I stood up from my chair. “I’m going to get ready for bed. Do you have towels?” I asked without thinking.
Cici nodded at me. “They’re in the cabinet,” she said.
I climbed the stairs and entered the bathroom. It was simple, but the layout caught me off-guard. A cabinet, bathtub, sink, and toilet were against the wall on the left, leaving room for a walkway on the right. The sink and tub each only had a single faucet.
Sure enough, the cabinet contained towels, and at the bottom was a bin with wrinkled towels. That was probably where I was supposed to throw the one I used when I was done. The setup seemed smart, but the amount of towels in the cabinet was unsettling. The entire top half was densely packed with towels. There had to be at least fifty. Why was my assumption that she had towels correct, and why where there so many?
I drew water from the faucet on the tub and felt its temperature with my hand. It was completely lukewarm. My hand did not detect any difference in temperature from the air in the room.
I let the water run and placed Occidae carefully by the edge of the room. There was no mirror in the room, so it felt kind of cramped.
I took my T-shirt and jeans off, only to realize I hadn’t brought a change of clothes into the room. I sighed and put my dirty clothes back on. One embarrassing trip to the bedroom later, and I had my bag with me next to Occidae. I pulled out some of Dad’s clothes that he had packed—just athletic shorts and shirts. I smiled. He was probably trying to keep the bag’s weight low.
It was a good thing we were generally the same size—I had inherited his freakishly tall build. I would often nab his sweatshirts, and he’d sometimes wear one of my jackets to the university just to get back at me. Reaching into the backpack, I pulled out a pair of boxers. Heck, even these would fit me. Never thought I’d be taking them.
By now the bath had a layer of water at the bottom a couple inches deep. It would be plenty. I had never been one to fill the bath all the way, or even take a shower.

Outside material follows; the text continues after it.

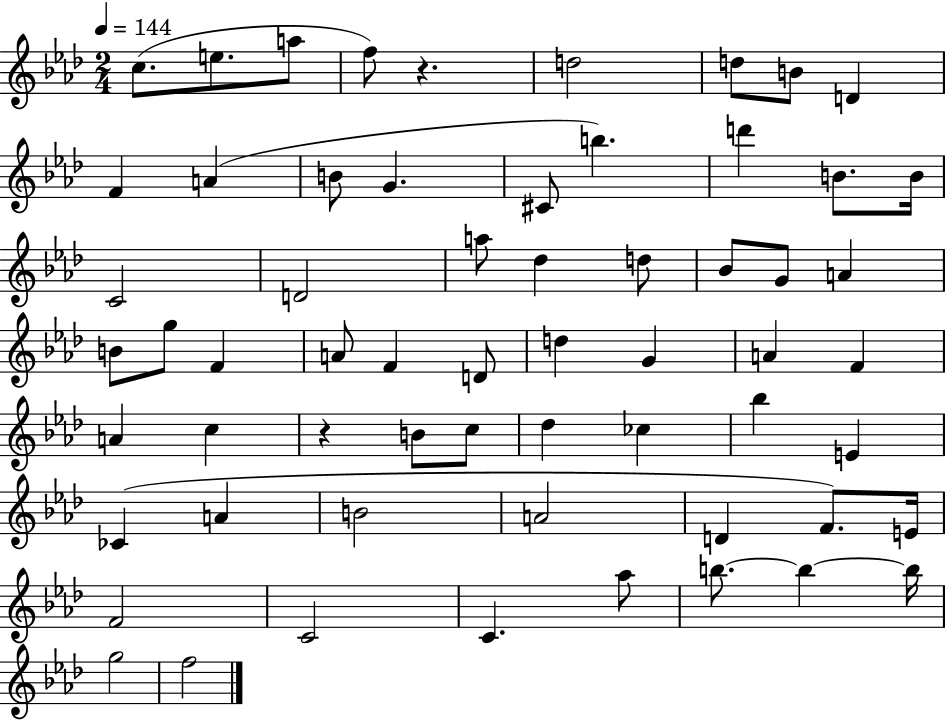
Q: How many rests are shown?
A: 2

There was bar soap in a tray attached to the tub’s rim. It didn’t look mass-produced, so I’d need to be careful to rinse off well, otherwise the lye would burn my skin. There didn’t seem to be any washcloth or sponge, so I used my nails to scrub the caked sweat, dirt, and blood off of my skin. My hair was an easy affair—I had no idea how Amethyst managed her long braid, or Cici washed that mullet. I used to have longer hair when I was younger, but at some point I got tired of putting it up every time I stepped into the shop. I kept it fairly short-cropped nowadays, even shorter than Max’s. Probably wouldn’t even have to shave it if I went into the military.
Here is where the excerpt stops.